# What Kind Of Rest Do You Use?



## NDTerminator (Nov 6, 2006)

Just curious what rests other finger shooters are using. 

I'm currently using a Centerest Flipper on my Bou'. Tonight I was digging around in one of my tackle boxes from the 80's and found four Plunger Springy's, just as good as when they came out of the package. Always did like those rests for finger shooting, and I might just set one up...

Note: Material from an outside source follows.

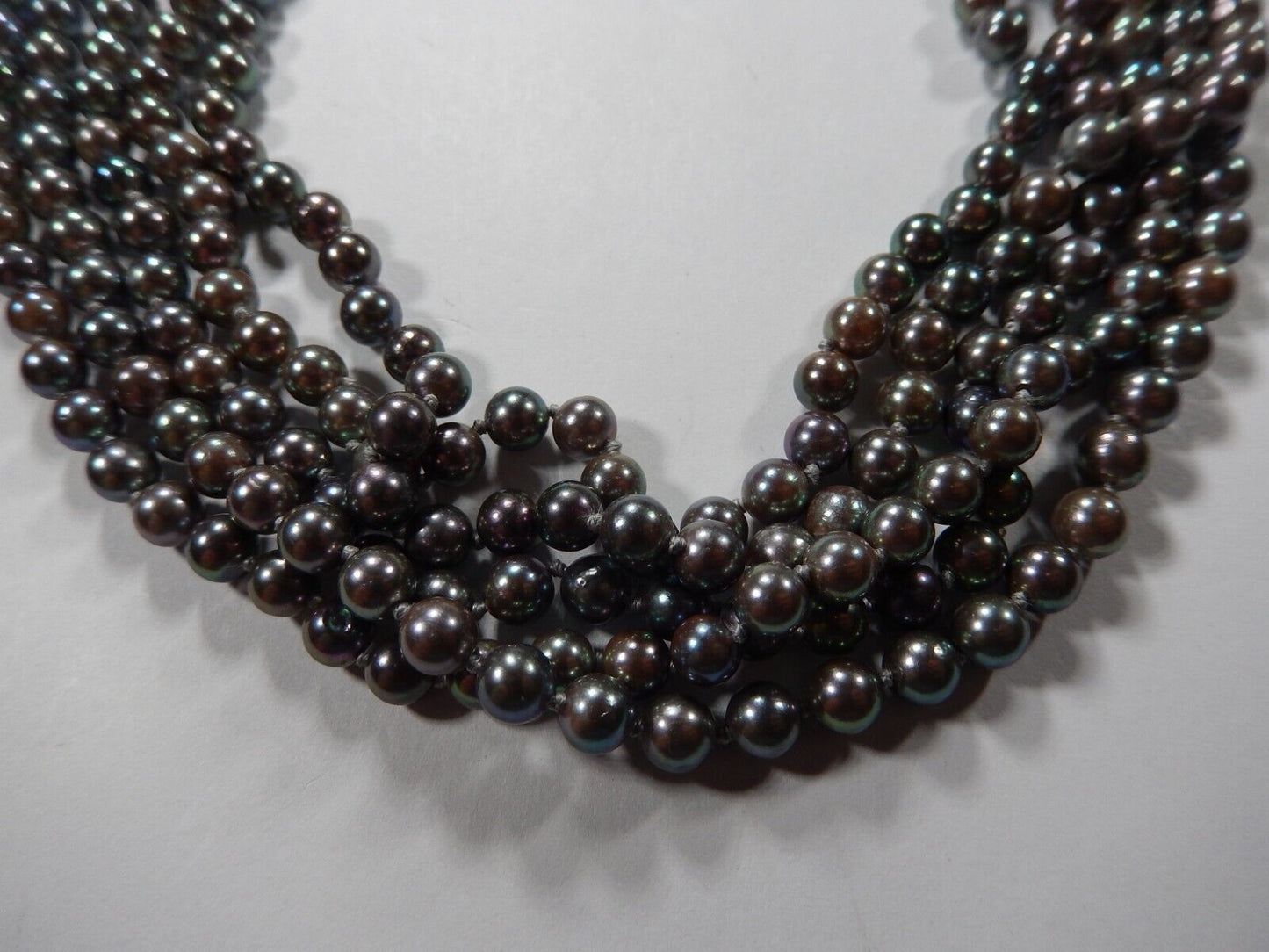 STUNNING - STATEMENT - Five  Strand  5.50mm Tahitian Pearl 16" Necklace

On my recurves I use T-300's...


----------



## jcs-bowhunter (Jul 7, 2007)

Cavalier Super Flyte


----------



## Robert58 (Oct 5, 2002)

Golden Key Superstar.


----------



## Dadpays (Oct 11, 2006)

Golden Key Star Hunter.


----------



## huntsome (Sep 5, 2007)

Cavalier free Flyte.


----------



## target1 (Jan 16, 2007)

martin springy w/plunger...the discontinued one


----------



## ia bhtr (May 22, 2002)

NAP plunger rest is working well for me on my Constitution , on my Hoyts I use a Superstar


----------



## arrowshooters (Jun 5, 2006)

huntsome said:


> Cavalier free Flyte.


Like he said.:thumbs_up


----------



## arc2x4 (Jun 4, 2007)

I only shoot recurves.

I like the spigarelli wrap around on my Hoyt and Win&Win Risers, along with a cavalier master plunger.


----------



## jerrytee (Feb 5, 2005)

Spigarelli Zero Tolerance.


----------



## hunting1 (Jun 11, 2002)

NAP Plunger rest here, but have almost every finger rest made in my box. I liked the Cavalier, but found it suseptable to brush and things. I have some Terry rests as well which are good with the Cavalier plungers. I found my plunger rests on ebay and bought 3.


----------



## Timbow2 (Feb 11, 2003)

Cavalier Freeflyte with Master Plunger. Tried all the other and this combo is the most versitile and accurate.


----------



## BowHunter6666 (Dec 28, 2005)

I loved the Golden Key Hunter Supreme but I guess Golden Key closed down. So now im using a Flipper. Who makes the Cavalier free Flyte? Do they have a website?


----------



## Texoma (Jul 1, 2006)

Using the whisker biscuit here but iam thinking
about going to something different.


----------



## huntsome (Sep 5, 2007)

BowHunter6666 said:


> I loved the Golden Key Hunter Supreme but I guess Golden Key closed down. So now im using a Flipper. Who makes the Cavalier free Flyte? Do they have a website?


Here we go Sir,
http://cavalier.safeshopper.com/26/cat26.htm?517
straight to the finger rests....
There's a few varieties, but as previously mentioned on other posts to do with rests, the standard Free flyte is all you need.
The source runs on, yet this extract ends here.